The line `document_store = InMemoryDocumentStore(use_bm25=True)` initializes a **document store** in Haystack, specifically an **in-memory** document store that will store your documents (or passages) for fast retrieval.

Here’s a detailed breakdown of what each part means:

### **What is a Document Store?**
The **document store** is a central repository where documents (text passages, articles, FAQs, etc.) are saved.

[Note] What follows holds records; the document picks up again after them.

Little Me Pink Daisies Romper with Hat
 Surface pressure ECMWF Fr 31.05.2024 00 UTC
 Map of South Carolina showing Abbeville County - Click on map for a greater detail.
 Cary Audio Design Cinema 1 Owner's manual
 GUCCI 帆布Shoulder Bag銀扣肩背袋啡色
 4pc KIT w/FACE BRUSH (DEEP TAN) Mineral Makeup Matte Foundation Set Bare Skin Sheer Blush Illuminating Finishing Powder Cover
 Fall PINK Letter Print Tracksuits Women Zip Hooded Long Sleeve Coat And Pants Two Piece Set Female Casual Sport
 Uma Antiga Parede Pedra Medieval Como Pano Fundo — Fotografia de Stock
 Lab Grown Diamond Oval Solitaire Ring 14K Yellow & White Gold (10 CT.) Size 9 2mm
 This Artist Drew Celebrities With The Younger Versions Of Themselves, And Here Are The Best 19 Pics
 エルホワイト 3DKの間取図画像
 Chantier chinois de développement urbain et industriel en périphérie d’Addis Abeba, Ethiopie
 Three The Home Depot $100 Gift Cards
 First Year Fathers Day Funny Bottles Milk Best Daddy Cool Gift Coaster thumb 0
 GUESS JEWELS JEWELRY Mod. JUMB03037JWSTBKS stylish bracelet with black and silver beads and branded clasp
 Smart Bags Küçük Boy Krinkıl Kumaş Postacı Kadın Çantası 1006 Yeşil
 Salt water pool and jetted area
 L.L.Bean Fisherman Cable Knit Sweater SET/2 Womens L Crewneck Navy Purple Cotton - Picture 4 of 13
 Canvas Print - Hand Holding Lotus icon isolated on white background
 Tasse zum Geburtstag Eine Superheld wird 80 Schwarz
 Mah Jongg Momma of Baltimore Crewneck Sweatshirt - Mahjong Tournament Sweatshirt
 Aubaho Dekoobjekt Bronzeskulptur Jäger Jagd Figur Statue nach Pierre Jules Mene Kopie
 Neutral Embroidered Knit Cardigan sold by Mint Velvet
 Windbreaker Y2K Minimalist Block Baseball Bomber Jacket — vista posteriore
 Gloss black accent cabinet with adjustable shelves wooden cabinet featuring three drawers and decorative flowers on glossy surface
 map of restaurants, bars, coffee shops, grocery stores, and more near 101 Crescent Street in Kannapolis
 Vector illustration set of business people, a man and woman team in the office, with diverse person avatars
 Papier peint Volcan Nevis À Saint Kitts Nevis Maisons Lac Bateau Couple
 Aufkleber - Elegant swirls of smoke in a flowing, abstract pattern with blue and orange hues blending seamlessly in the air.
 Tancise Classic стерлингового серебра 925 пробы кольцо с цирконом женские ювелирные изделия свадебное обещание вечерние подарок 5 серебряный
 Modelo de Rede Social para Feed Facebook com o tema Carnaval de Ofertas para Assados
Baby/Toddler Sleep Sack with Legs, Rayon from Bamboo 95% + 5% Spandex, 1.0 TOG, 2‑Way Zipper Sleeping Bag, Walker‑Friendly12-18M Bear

This repository will later be queried by a **retriever** to fetch relevant documents based on the user's query.

- A **document** typically contains fields like:
  - **content**: The main body of the document (e.g., an article or text passage).
  - **meta** (optional): Metadata about the document, such as title, author, or source.

Haystack provides several types of **document stores**, which act as repositories to store, index, and manage documents (such as text passages, articles, or FAQs). The type of document store you choose depends on the scale of your dataset, retrieval method (keyword-based or dense retrieval), and infrastructure needs (in-memory or persistent storage).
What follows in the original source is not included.